Minnesota natives are no strangers to ice and snow. However, that doesn't mean that they aren't injured on icy or snowy surfaces on a regular basis throughout the winter season. In fact, according to a recent article physicians in the Twin Cities area have seen more patients as of late -- both emergency room patients and those admitted to the hospital -- due to slip-and-falls on icy surfaces outside. Injuries to patients' wrists and ankles are common. The wrist injuries usually occur when a person reaches out to catch their fall. Ankle injuries often occur when a person twists while falling.

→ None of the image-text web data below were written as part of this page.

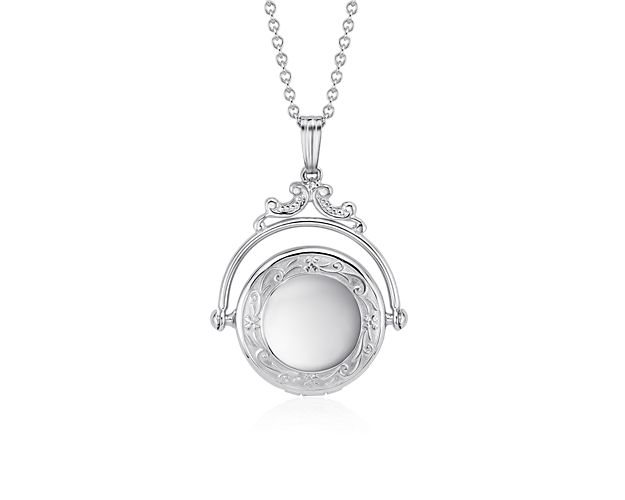 An heirloom perfect piece, this spinning locket is crafted in sterling silver with a Victorian-inspired design on a cable chain necklace. The locket pendant holds two pictures. Engrave for a personalized touch.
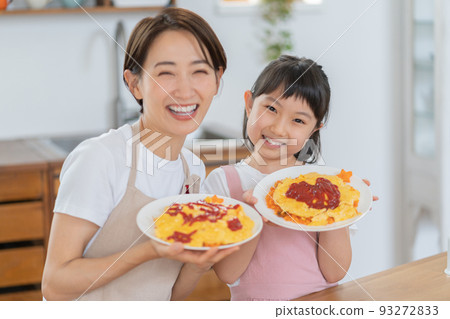 小學生和媽媽在廚房裡用完成的煎蛋捲飯微笑 93272833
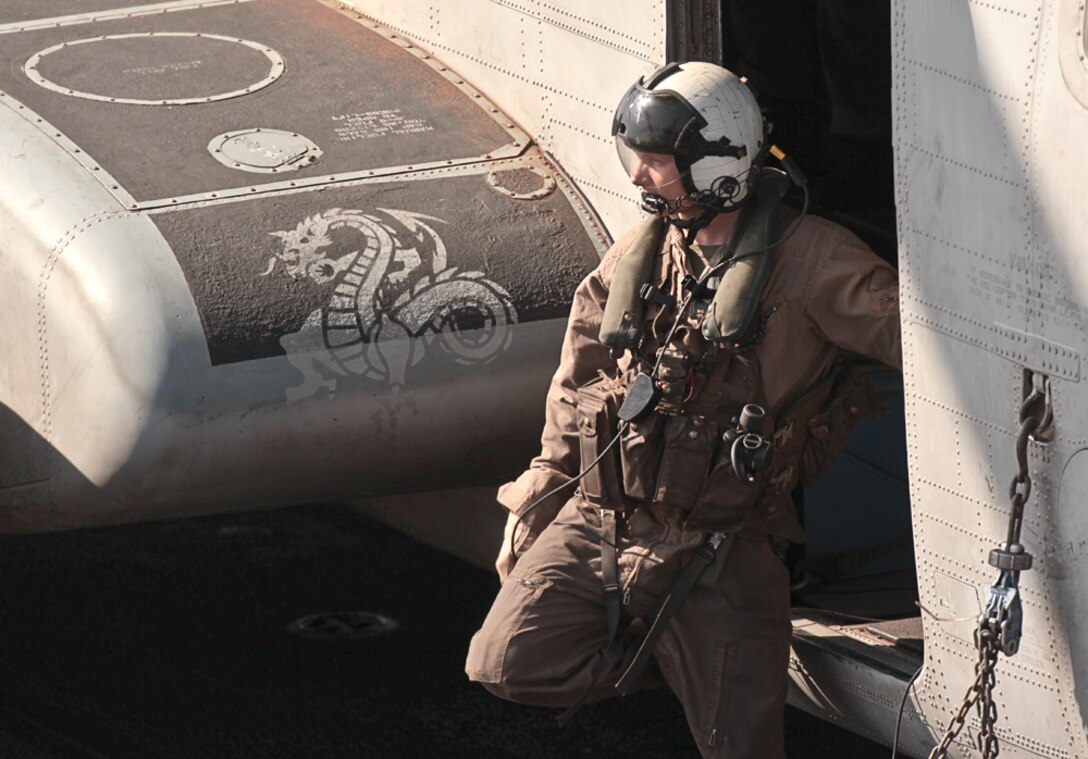 Crew chief Cpl. Michael C. Diegel prepares a CH-53E Super Stallion during flight operations aboard USS Makin Island here Jan. 19. Diegel serves with Marine Medium Helicopter Squadron 268 (Reinforced), the aviation combat element for the 11th Marine Expeditionary Unit. The unit is currently deployed aboard the amphibious assault ship as part of the Makin Island Amphibious Ready Group – a U.S. Central Command theater reserve force. The group is also providing support for maritime security operations and theater security cooperation efforts in the U.S. Navy's 5th Fleet area of responsibility.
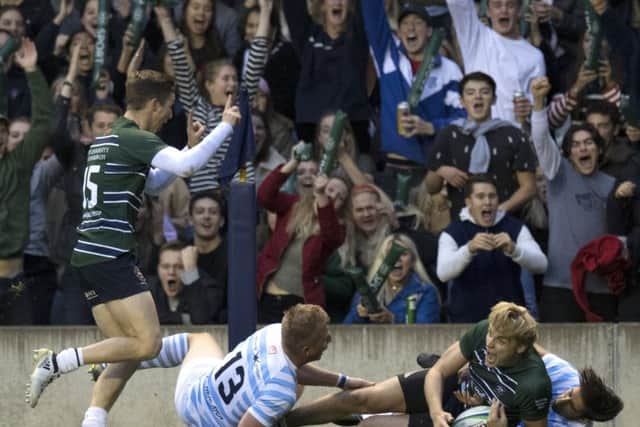 Delight shows on the faces of both the fans and Edinburghs Ben Rose as he goes over to score.  Photograph: Ross Parker/SNS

Between December 15, 2016, and January 6, 2017, Hennepin County Medical Center received 19 patients with broken legs, 15 patients with broken arms, 15 patients with strains, cuts or bruises, 11 patients with head injuries, including concussions and 10 other patients who suffered a variety of injuries in wintertime slip and fall accidents on the ice or snow.
Minneapolis has responded by offering residents sand at no cost to keep their driveways and sidewalks less slippery. Sand is available at four locations, 24 hours a day, for residents to come and take away. Medical professionals advocate liberal sanding and salting outside of residents' homes and stores. Even snow-covered streets can have ice hidden underneath.
Head injuries are especially dangerous. An untreated concussion actually has the potential to have a long-term effect on a person's health. Not every concussion can be captured on a CT scan. However, they can still cause problems with a person's ability to sleep, emotional issues, issues concentrating and issues relating to friends and loved ones.
Slip and fall accidents can be costly, particularly if a person needs an operation, an extended hospital stay or rehabilitation. If a person's slip and fall accident is due to a property owner's negligence, then that person may want to determine whether or not legal action can be taken against the property owner for the injuries suffered.